The Rock of Gibraltar
After our travels over the last 12 months having taken us through Spain and Portugal, I am not sure what I expected to find Gibraltar like. It’s a strange place in some ways. Not British but very British, not Spanish but Spanish, not Moorish but there are influences of its old Moorish past everywhere. English, Spanish, Berber, Arabic, Hindi and Sindhi, as well as Maltese, are all widely spoken. But many locals also speak Llanito which is a vernacular unique to Gibraltar. It’s an odd mix of Andalusian Spanish, English and various of the languages mentioned previously. Pidgeon English, I guess! As Craig would say, a real Jambalaya of cultures, languages and religions.

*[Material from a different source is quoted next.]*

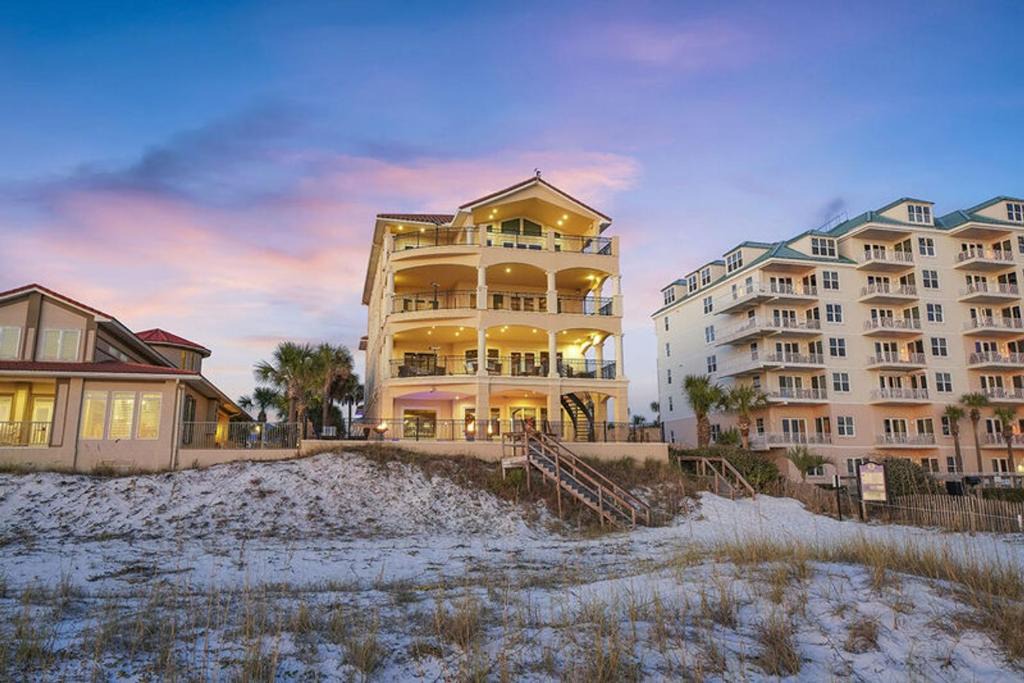 Crystal Beach House | Palazzo del Mar by Five Star Properties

This area was first settled by the Moors in the Middle Ages, was later ruled by Spain and was then ceded to Great Britain in 1713. The telltales of that history include fortifications from the 14th century Moorish
Castle high up on the Rock, the Great Siege Tunnels of the 18th century, and the remains of fortifications from World War II. It is clearly strategically important, overlooking the 13km stretch of water between Europe and the African continent. Half the world’s seaborne trade passes through this ‘choke point’ and consequently Gibraltar’s economy is very much dependent upon that stretch of water. Tourism, online gambling, financial services and cargo ship movements are the basis of the economy here. It is somewhat of a tax haven for international business and most goods come duty free.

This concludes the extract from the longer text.